[Beowulf] Why I want a microsoft cluster...

Wed Nov 23 14:40:02 PST 2005

At 01:30 PM 11/23/2005, Joe Landman wrote:

>Jim Lux wrote:
>>So here we go with some devil's advocacy...
>
>:)
>
>>  From the user viewpoint, in a largish shop, but with a single user in mind
>>The scenario is that I want to run some sort of analysis tool that is 
>>computationally intensive enough to require more crunch than I can get 
>>with a single desktop.  Applications that spring to mind are various
>
>[...]
>
>fine so far
>
>>So, whatever I do, my output is eventually going to wind up pasted or 
>>copied into some MS product, AND, it has to be "clean" enough that when 
>>the admin for the manager 3 levels above me tries to resize the images 
>>that I've cut and pasted, it doesn't choke (that means using WMF or EMF 
>>for graphics, for instance).
>
>Hmmm... I typically try to use a more standard image format (png, jpg, 
>tiff, ...).  I have found these work better than others in my apps. Most 
>everything in the windows world happily deals with those.  I have had lots 
>of problem with WMF import.  Don't know why.

The formats you gave are bitmap images.. The problem is with rescaling.. 
Say you have a nifty graph generated from something like Matlab.  If you 
rescale the bitmap image, then sometimes the  text becomes unreadable, 
especially if there's more than one rescale involved and the rescaling 
actually resampled the image (say, to save file space...)  If, on the 
otherhand, you have the image as a vector format, when you rescale, the 
rendering application (ppt, acrobat, word) can render the text as text at 
whatever scale it needs to.

This is particularly pernicious for documents that get viewed with a 
projector, and then get zoomed to look at the details.

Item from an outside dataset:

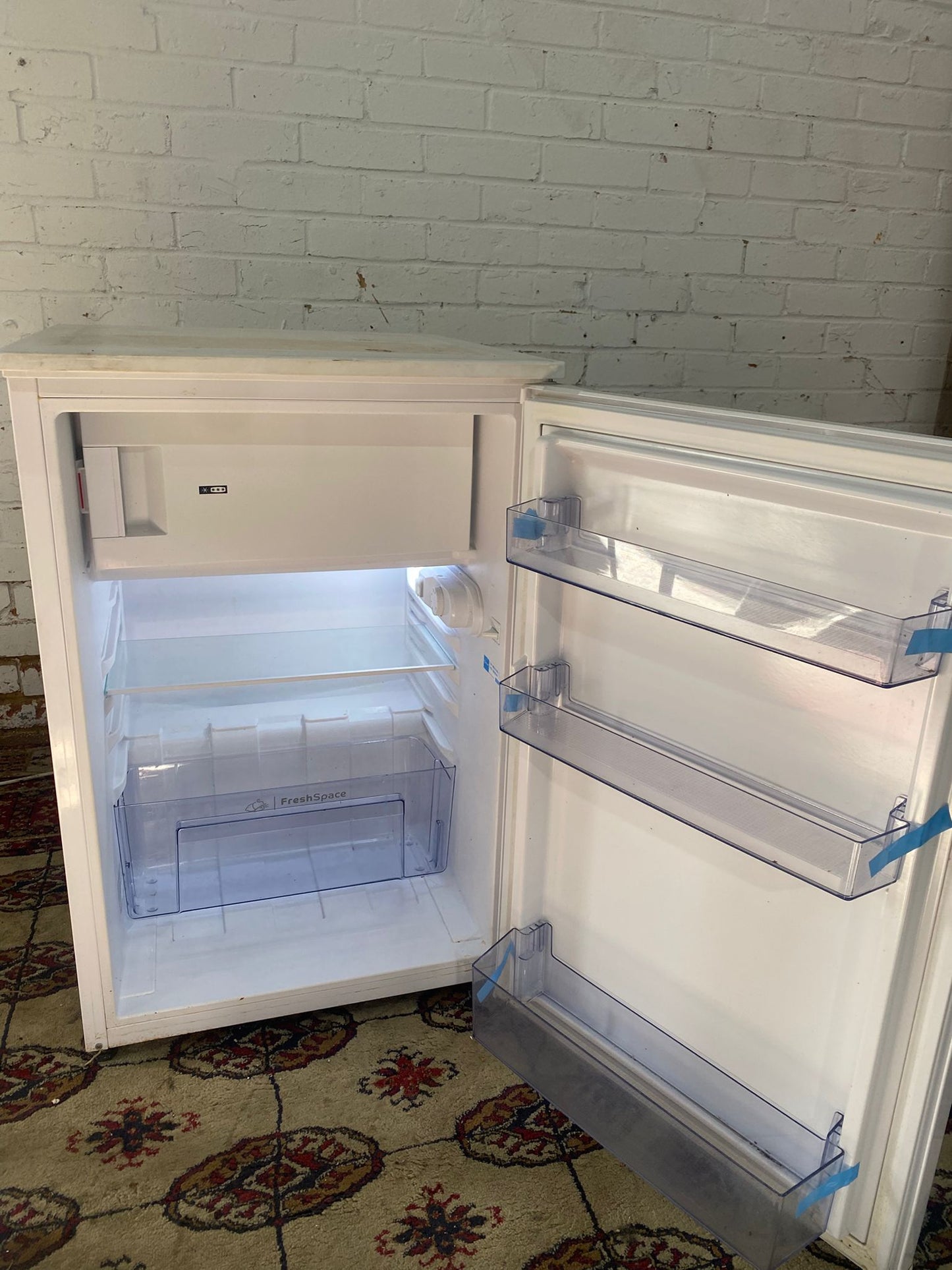 🚚Indesit UnderCounter Fridge & Freezer On Top For Sale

>>What does this sort of environment mean?  It means that a strategy where 
>>I run my analysis tool on a Linux box and then try to export the data 
>>back to my Windows box for doing the reports is a royal pain.  It's
>
>Hmmm.... If this is a royal pain then (and please don't take this wrong) 
>your linux/windows system is set up wrong.  To "export"/"import" I open a 
>file on our SAMBA share, that happens to house the home directories from 
>the cluster.   If you have to do anything else then something somewhere is 
>broken, and yes, it is a pain.

Yes, assuming your netops folks allow you to have a "public" sharepoint 
that is visible from your desktop machine, something that requires a fair 
amount of institutional negotiation in a MS centric shop.  Many aspects of 
FUD will be raised about whether that's secure, etc.

>We set up the transparent access for our customers, and I had assumed that 
>all cluster vendors did.  Maybe I am wrong.

Many "locked down" shops want a fair amount of control over the software 
that's hanging on their internal network, and if your particular cluster 
distro isn't one they "trust", then it's a problem.

Clearly, if a vendor is providing a turnkey systems to someone, then 
they've taken on the responsibility (and expense) of complying with all the 
rules for the customer.  That can be a major project in itself (it can also 
be easy.. depends a lot on the customer...)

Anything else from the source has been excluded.